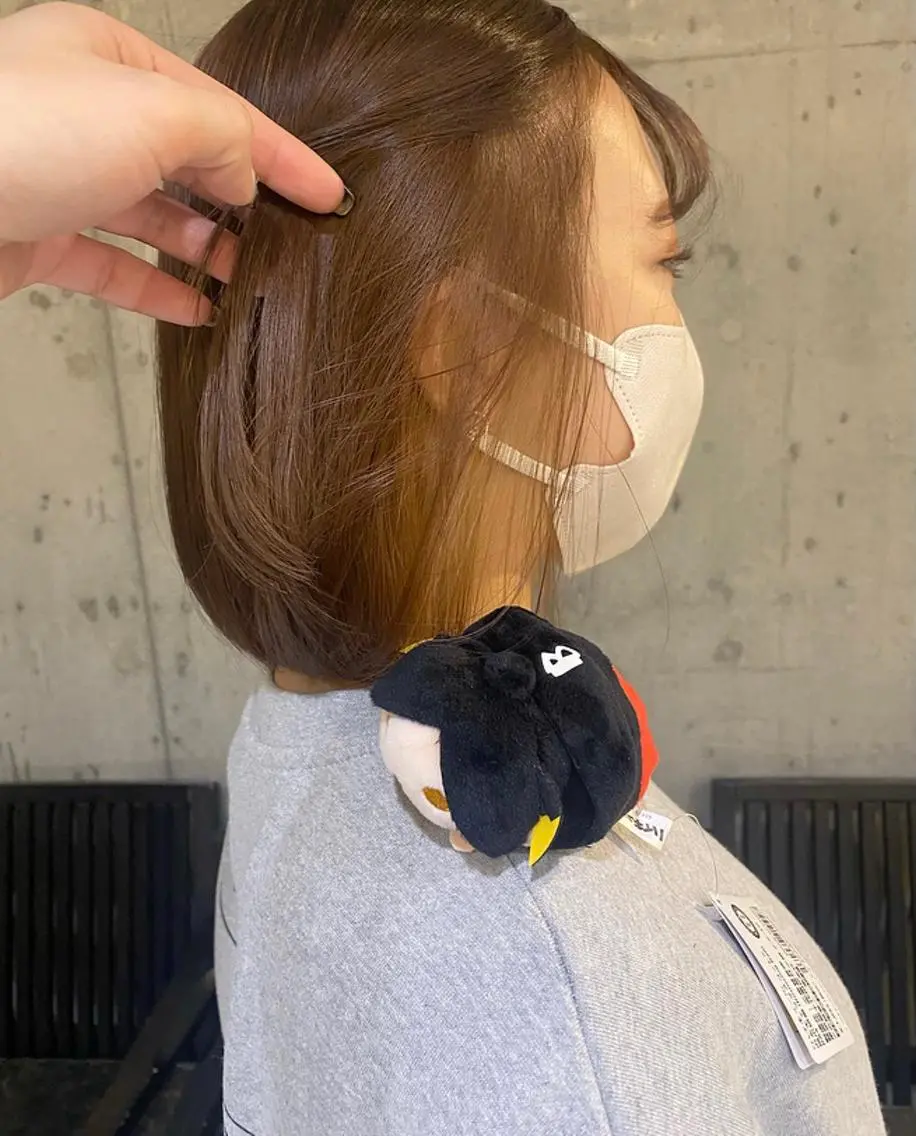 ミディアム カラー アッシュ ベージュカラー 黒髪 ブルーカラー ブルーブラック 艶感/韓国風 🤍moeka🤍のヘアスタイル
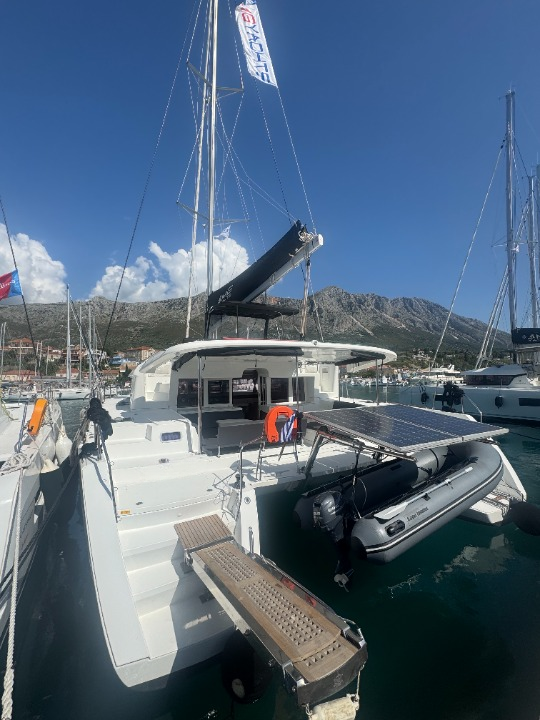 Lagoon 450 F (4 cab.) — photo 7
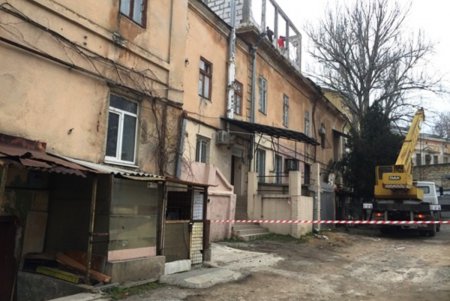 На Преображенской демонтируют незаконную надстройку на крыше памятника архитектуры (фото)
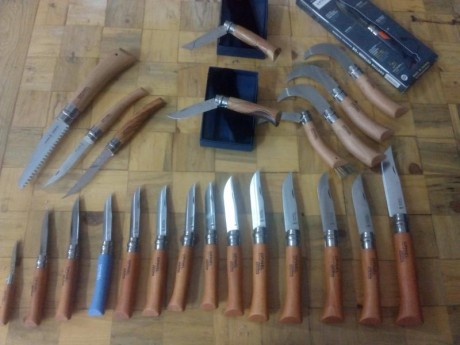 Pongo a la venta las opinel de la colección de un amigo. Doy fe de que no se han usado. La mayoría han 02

****

* **EXERCISE**: Retype the material in full, exactly as written, and exclude the pictures.

* **YOUR RESPONSE**:
 ミディアム カラー アッシュ ベージュカラー 黒髪 ブルーカラー ブルーブラック 艶感/韓国風 🤍moeka🤍のヘアスタイル
 Lagoon 450 F (4 cab.) — photo 7
 На Преображенской демонтируют незаконную надстройку на крыше памятника архитектуры (фото)
 Pongo a la venta las opinel de la colección de un amigo. Doy fe de que no se han usado. La mayoría han 02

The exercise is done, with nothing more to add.